インターネット──小心者および卑怯者たちがかならず分け入るといわれる、あの伝説の獣道《けものみち》。そこでは匿名性のなかに身をひそめて自己を肥大化させ、文字にするのが憚られるほどの過激さと、蛇のごとき執念深さをもって他人を貶めて愉快がっている心ない人間がうじゃうじゃいると聞く。
ざっくりいうが、そういう人間は「したい」という欲求を「しない」と抑え込む自律心を欠いているのだ。虫酸《むしず》が走るというか、えげつないというか、かかわりたくないおぞましい連中である。「卑しい感情」をもつのは仕方ないが、それを実行してしまう「卑しい人間」になってはいけない。
おそらく、そうした彼もしくは彼女が最後に見るものといったら、自分の手で燃やしてしまった金閣寺だけであろう(若い人よ、人間は記憶というものに苛《さいな》まれる動物でもあるのだよ。

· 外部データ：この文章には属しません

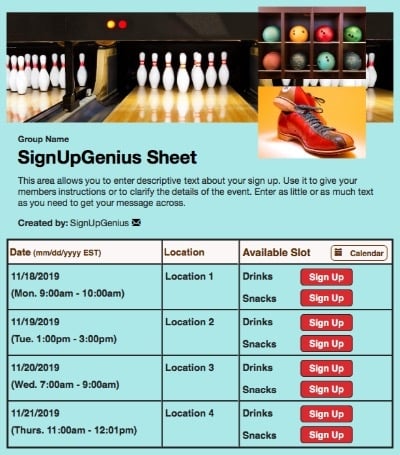 bowling alley pins games blue sign up form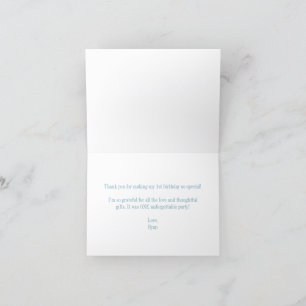 One Birthday Beach Club Cabana Stripe Thank You  Card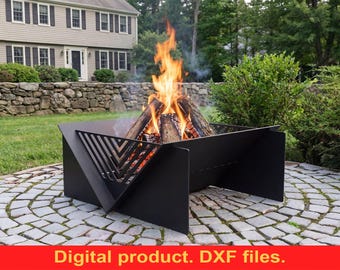 Quadro Line 39" Fire Pit DXF Files for Plasma, Laser Cutting, CNC - Collapsible Fire Pit for Outdoor/Garden - Modern Industrial Design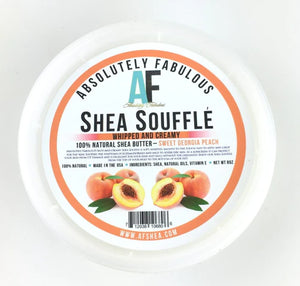 Shea Soufflé Whipped and Creamy Shea Butter Sweet Georgia Peach Scent 8oz 100% Natural Shea Butter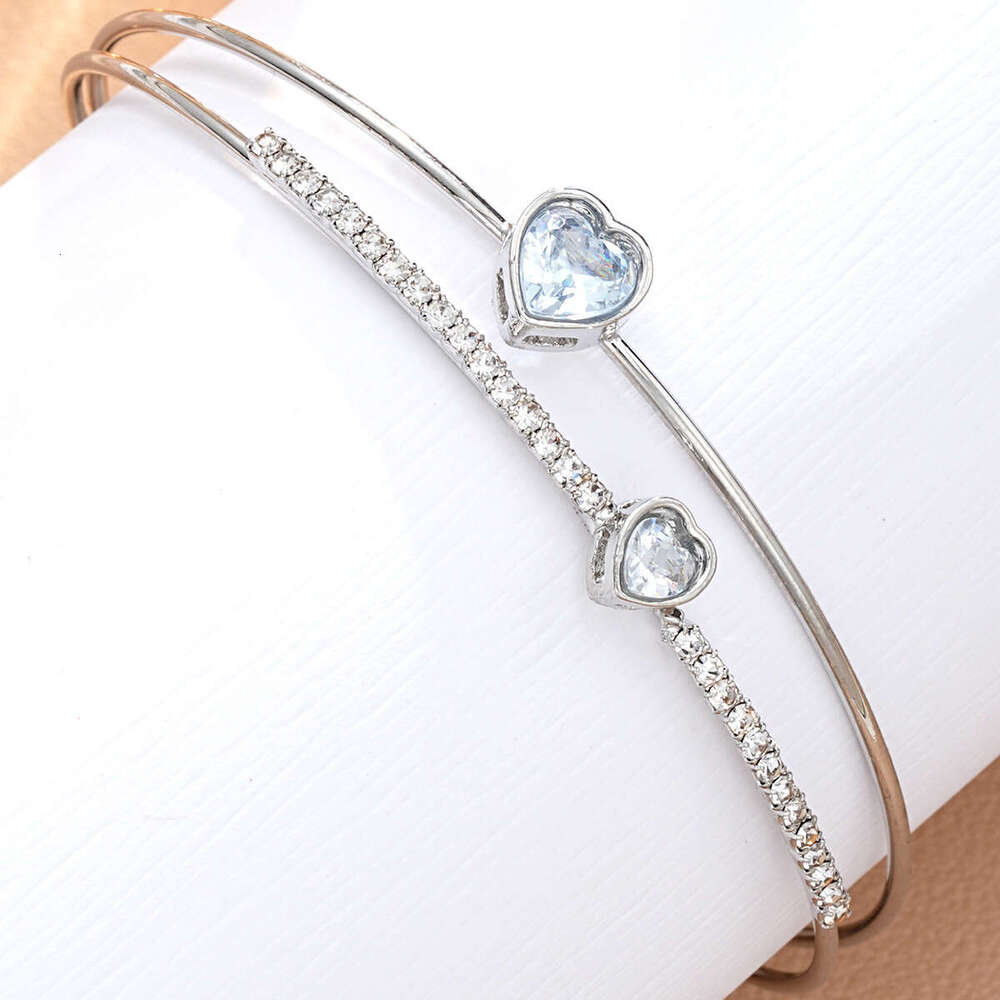 New fairy style dia studded heart-shaped zircon double-layer open bracelet with fresh, sweet, exquisite and trendy accessories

早いうちに足を洗いなさい。さもないと、忌まわしい記憶に苛まれて人生を台無しにしてしまうよ)。いずれにしても、人を批判するときは、黒帯をしめて堂々とやることだ。
では、そうした卑しい人間の中傷から己れを守る術《すべ》はあるのだろうか。
たったひとつだけある、と平蔵は無言のうちに述べている。
それは、他人の評判のうえに自分の安心感を築こうとせず、己れのやるべきことを自覚して、そのことにひたすら打ち込むことだ。小人《しようじん》の不善などにかまけている時間はないと強く自分に言い聞かせて、中傷をまったく意に介さないことである。謂《いわ》れなき非難中傷は黙殺するに限る。とにかく素知らぬ顔で受け流してしまうことだ。
じっさい平蔵は、これら中傷に対していっさいの反論をせず、自暴自棄にもならず、身を粉にして万策を講じ、ついには葵小僧を捕縛するのだった。